Polygamy activists attempt to attach to the gay marriage movement to promote decriminalizing the practice.

Published March 21, 2006 4:12PM (EST)

Polygamy activists recently hit the mother lode. Not only is a federal lawsuit challenging polygamy discrimination in the courts, but now they have a big fat HBO show on their side. "Big Love," which is about a polygamous family in suburban Salt Lake City, debuted this month. In it, a polygamist's three wives live in adjacent households and take turns sharing their husband at night.

According to an article published yesterday in Newsweek, a new wave of polygamy activists is emerging to leverage the new interest and decriminalize the lifestyle, which is now practiced by an estimated 30,000 to 50,000 Americans. "Polygamy rights is the next civil-rights battle," Mark Henkel, founder of the Christian evangelical polygamy organization TruthBearer.org, told the magazine. The Newsweek article includes the story of Marlyne Hammon, who's in a polygamous relationship and founded a lobbying group. As a child in the 1950s, she was forced to live apart from her father for six years after he was arrested and jailed on charges of polygamy and her family was exiled from their community.

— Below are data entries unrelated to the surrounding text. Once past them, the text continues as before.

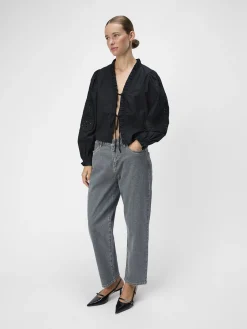 OBJECT Skjortor|Toppar*BRODYRPRYDD SKJORTA Black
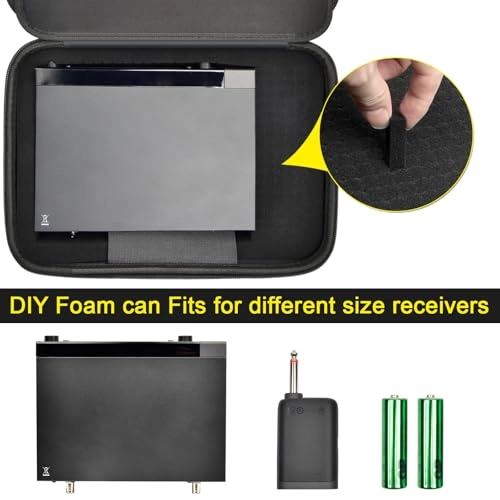 Wireless Microphone Case - Dual Mic DIY Foam Black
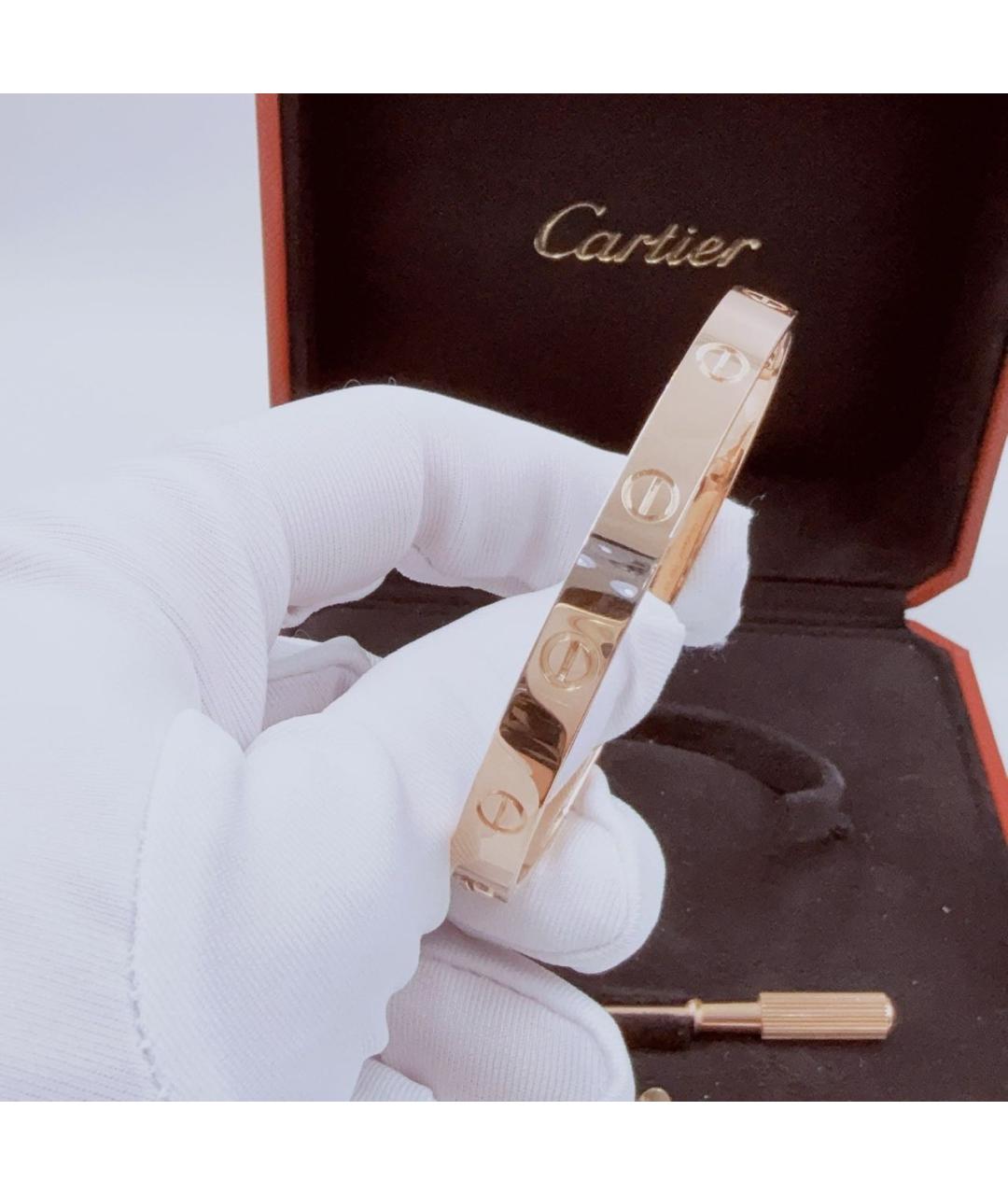 CARTIER Розовый браслет из розового золота, фото 6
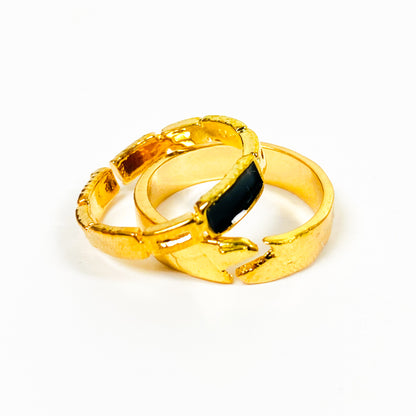 Retro Vintage Stack Ring Gold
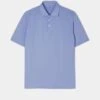 Rockbourne Performance Polo In Light Blue - Sports Fit -Elegant Wear World rockbourne short sleeve polo light blue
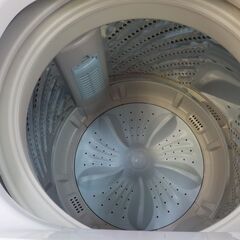 ID128736　7.5k洗濯機　ハイセンス　2019年製　キズ有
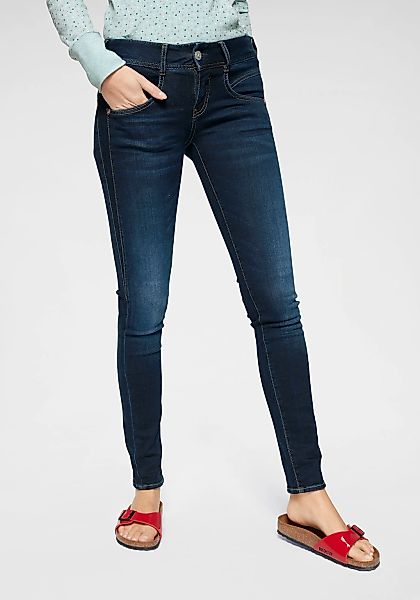 Herrlicher 5-Pocket-Jeans "Gila Slim Denim" mit seitlichen Keileinsätzen, f günstig online kaufen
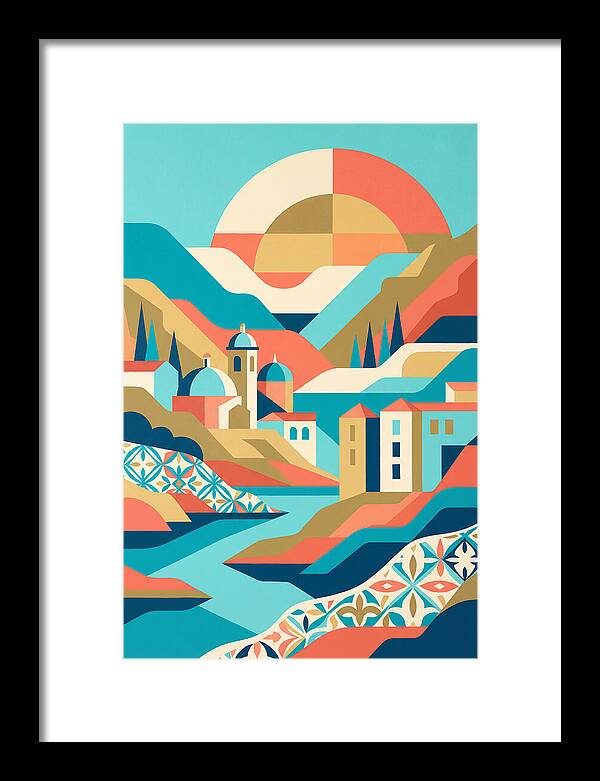 Vibrant Portuguese Tile Scene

What is particularly troubling is the fact that supporters are trying to glom onto the gay marriage movement to promote their agenda. "If Heather can have two mommies, she should also be able to have two mommies and a daddy," argues Henkel. That's just the kind of logic that makes gay marriage champions cringe. Remember Sen. Rick Santorum's famous comment that legalizing gay sex would open the door to legalized bigamy, polygamy and incest? "I frankly would not love to see an article [about polygamy advocacy] in Newsweek because this is the connection that our opponents make, and we feel it's a specious one," Carisa Cunningham, director of public affairs for Gay and Lesbian Advocates and Defenders, tells the magazine.

But last we checked, Christian fundamentalists weren't exactly holding joint fundraisers with gay rights groups. Reporter Elise Soukup carefully writes, "Though [polygamy activists] closely watch the gay-marriage battle, they are generally religious and conservative -- and, like Henkel and Hammon, believe that homosexual behavior is a sin."